Tuesday, March 31, 2009, 3/31/2009 10:07:00 AM

Former Congressional Investigator Talks About Trade Secret Protections in Congressional Investigations

By Todd

John Sopko is formerly a counsel to Congressional committees and currently a partner in the Akin Gump law firm. His bio can be found here: http://www.akingump.com/jsopko/.


The following exchange from a Metropolitan Corporate Counsel piece captures Mr. Sopko's views regarding the touchy issue of trade secrets that are sought by Congress in its investigatory function:


Editor: What role does e-discovery play in congressional investigations?
Sopko: Discovery of electronic documents is a major tool for congressional oversight committees. Most congressional investigations start off with a document request, usually massive in scope, that attempts to capture electronic documents and messages. A committee may issue multiple requests, so the recipient has to be particularly careful in messages sent after or in response to the first request. Numerous witnesses have learned to rue the innocent email commenting on their views of the committee and its members that is captured in a subsequent request.
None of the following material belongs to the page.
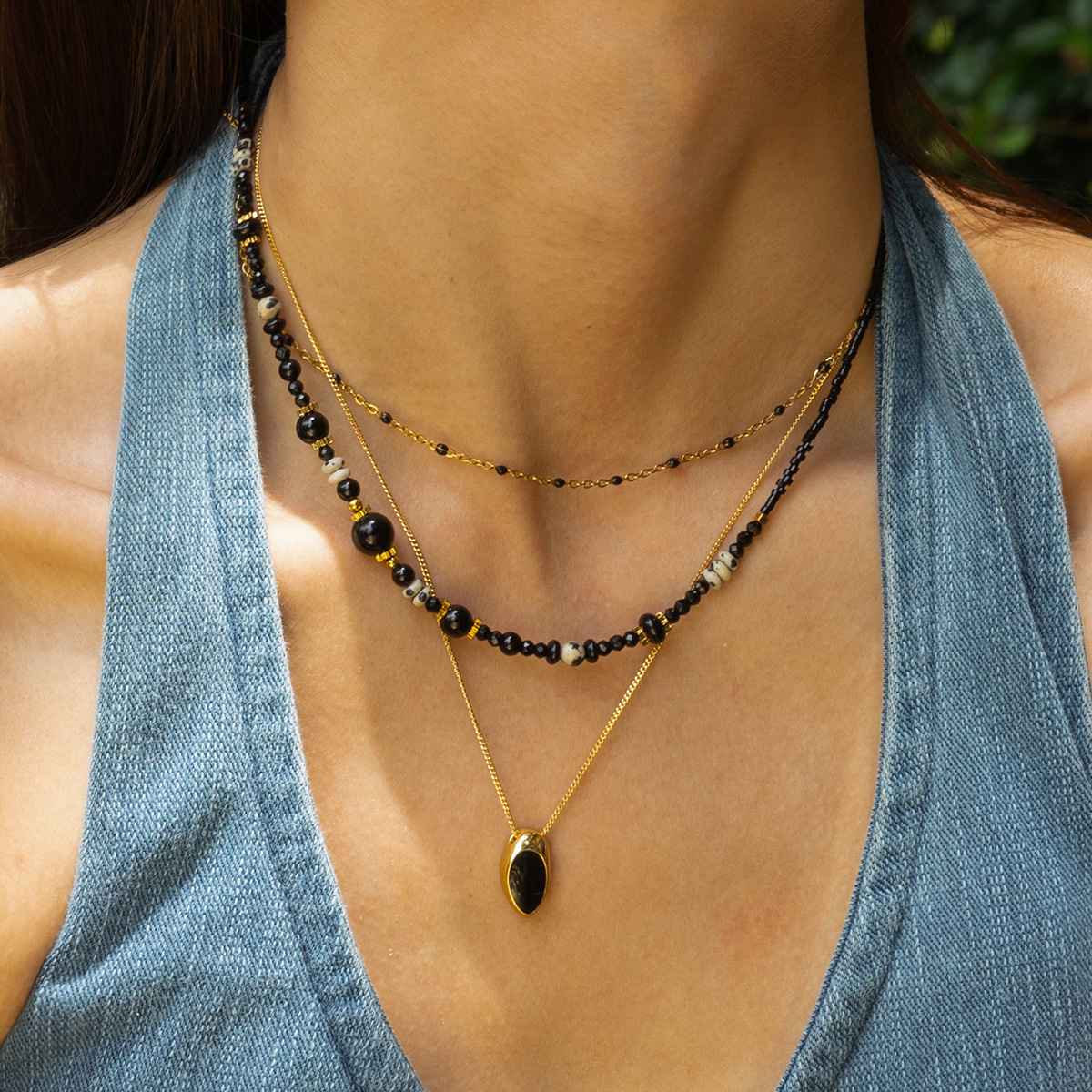 Collar de acero inoxidable TENA Europa y América lujo ligero nicho universal piedra natural collar de acero titanio mujer cruzada venta caliente cadena clavícula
Editor: Can trade secrets be protected? What about the attorney-client privilege?
Sopko: The courts have ruled that Congress does not have to recognize these privileges, but they can be protected, particularly if you know how to negotiate with the committee members and their staff. Most congressional members and staff with whom I've dealt recognize the importance of those privileges and do not want to harm a company by needlessly releasing trade secrets. However, as in most matters with congressional oversight, these things must be negotiated on a case-by-case basis.

Editor: To what extent does the trial bar feed off disclosures made in connection with congressional investigations? What strategies can be used to mitigate this risk?
Sopko: There is a bit of that actually going both ways. The plaintiff's bar feeds off disclosures made before committees resulting in litigation. Likewise, material disclosed in the course of litigation often ends up on the Hill and becomes the basis of investigations. Probably one of the best-known examples came out of the tobacco litigation.


Mr. Sopko's advice - that trade secret disclosure protocols should be negotiated before disclosures are made to a potentially leaky Congressional committee - makes great sense.